Often dealerships will take the less risky road with repairs. This is common with franchises since they are required to perform their services and their service recommendations within standards agreed upon that allowed them to become a franchised representative of the manufacturer. Our alternate repair required buy-in from the vehicle owner and more risk since the possibility existed that time taken to diagnose and perform this alternate repair could have proven unsuccessful and thus resources would have been wasted. The tipping point came from the use of the bore-scope – a tool that is simple in concept but very powerful. End result: better information lead to a better solution. The client’s out-of-pocket expense was less than 25% of the dealership’s proposed repairs.
Vehicle details: 2009 Mini Cooper S / N14 Engine / 66,xxx miles
6 speed manual transmission
Technician: Tyler Seawright (Master ASE Certified)

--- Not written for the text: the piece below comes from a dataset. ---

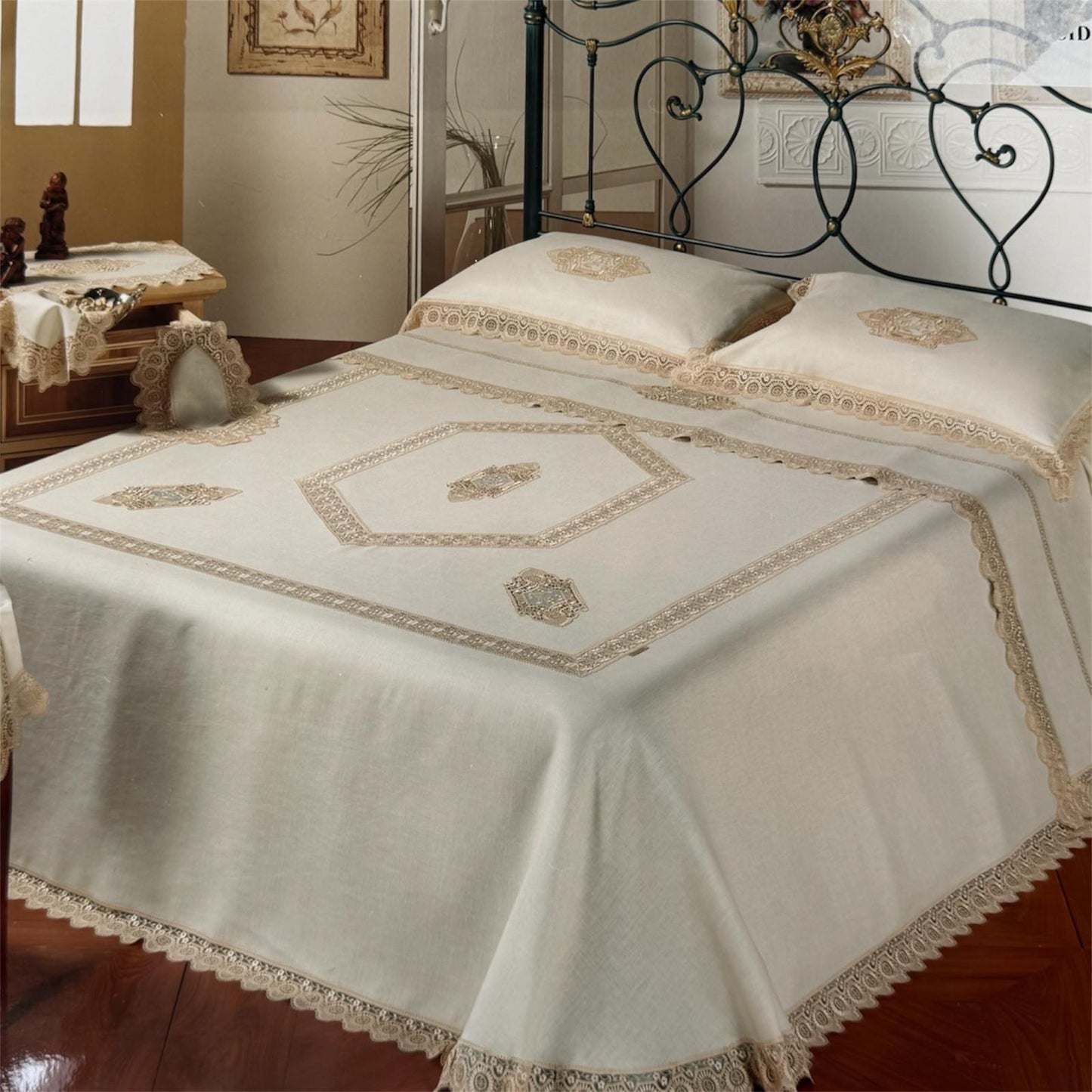 Coordinato Matrimoniale Copriletto e Lenzuolo Iside Dea Ricami in Lino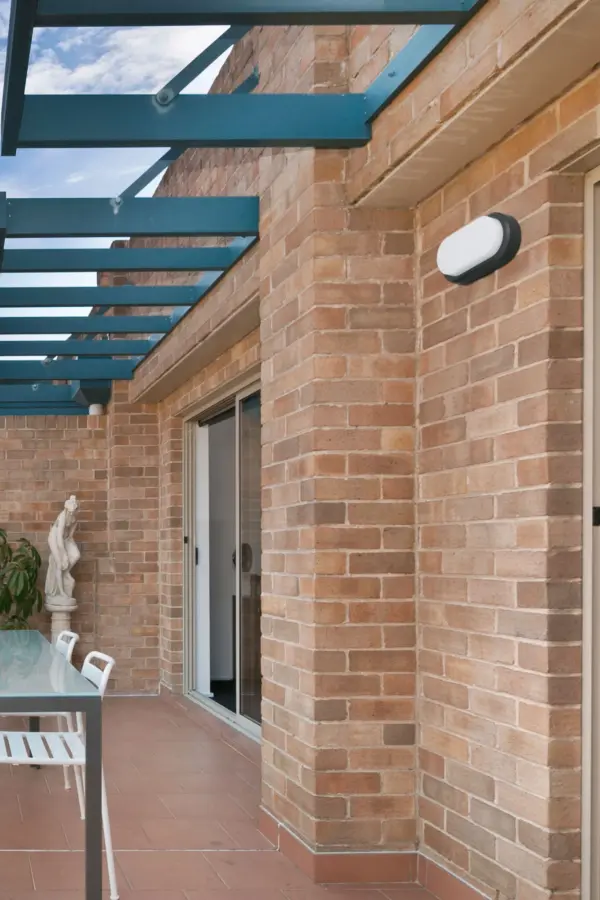 Faro Barcelona FRED 200 Επιτοίχιο Φωτιστικό Εξωτερικού Χώρου, IP65, Σκούρου Γκρι Χρώματος LED 3000K IP65 – 70663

- check engine light on, hard starting condition and noisy engine.
- Dealership diagnosed as valve timing problems: Broken timing guides, bad VANOS pulley, and possible other repairs needed
- Client came in looking for a second opinion
- Verified with computer diagnostics: misfire codes for all of the cylinders
- Visual inspection of ignition components (spark plugs and coils) suggested they were ok
- Tested basic engine datastream – found all parameter data with the engine off was correct, IE Coolant temp, Oil Temp, Battery voltage, Etc.
- Monitored low side fuel pressure (the N14 is equipped with direct fuel injection system so it has 2 different fuel supply systems): Low side fuel pressure system was good.
- Attempted to start the vehicle and it started.
- Ran running fuel pressure tests. Fuel pressure within specs
- When running the DME (engine computer) set a code “2B64 Intake manifold, unmetered air“.
- Per MINI’s technical service bulletins, removed the valve cover to physically check the valve timing. With the camshaft alignment tools in
place we found that the valve timing was correct.
- Also inspected timing chains, guides, and tensioners: all ok.
- Further running tests found that the variable Valve timing( VANOS) degree measurements would not deviate from 36degrees.
- Monitored the Duty Cycle command to the VANOS Solenoid actuator and noticed that the Duty Cycle was changing when being commanded from the DMEto change but the actual valve timing was not changing.
- This lead us to a physical fault with the VANOS system that cannot truly be measure electrically by the DME.
We removed the VANOS Solenoid and found that it was physically broken and was not able to supply engine oil to the VANOS gear and therefore would not change the valve timing. (pictured below – broken solenoid in front / new (good) solenoid behind)
This is a classic case of a physical inspection trumping what a diagnostic tree / computer diagnostic process suggests. The dealership followed all MINI protocols and formal test procedures to conclude, consistently but incorrectly, that the problem was with the physical valve timing components. Knowing that as a weak-spot in this engine design, MINI’s repair suggestions weren’t a bad thing for the vehicle but would not have fixed the client’s concerns.
In the end, we saved our client over $1300 of misdiagnosed repairs. A big win!
This engine is not equipped with a oil level warning system to alert the driver that the engine oil is getting low. We Suggest that every other time you fill your car with gasoline, Check the engine oil.